The facts of the case are as follows: The Appellant are the owners of brand name ‘SWASTIK’ and had entered into an agreement with M/s New Sahyadri Industries Ltd. for permitting them to use the said trade name. As per the agreement, the appellants were charging 0.01% of the value of the sale of the goods from M/s New Sahyadri Industries Ltd. He pointed out that Revenue has treated this amount as a consideration for the taxable service provided under Intellectual Property Service and demanded Service Tax on the same. The appellants argued that they have paid VAT on this receipt treating brand name as goods. They further pointed out that under the VAT Laws, brand name is treated as good and therefore, transfer of right to use of goods is taxable under VAT and since they have paid the VAT, there cannot be any liability of Service Tax.


The main issues in the case were:

  1. Whether the trade between the parties can be termed as a service or goods?
  2. Whether the appellants are liable to pay service tax when they have already paid VAT or not?

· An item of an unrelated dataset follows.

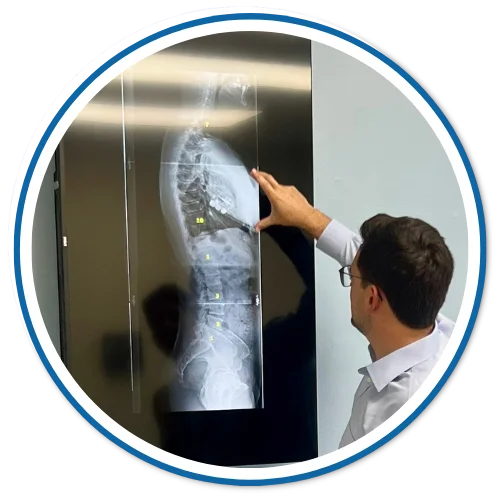 Gonstead X-rays in Pinecrest FL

Summary of court decision and judgment

It is apparent from the agreement that, (i) No exclusive right to use the trade mark ‘Swastik’ has been given to M/s New Sahyadri Industries Ltd. The appellants are free to give this trade mark to other even in the same territory. (ii) M/s New Sahyadri Industries Ltd. are not free to permit use of the trade mark to anybody else i.e. they cannot sub-license. If M/s New Sahyadri Industries Ltd. wishes to permit to any other support for use then they have to seek permission of the appellant. The trade mark cannot be assigned to anybody by M/s New Sahyadri Industries Ltd. While the agreement is for a period of 10 years, both parties have option to terminate the agreement by giving the notice of three months.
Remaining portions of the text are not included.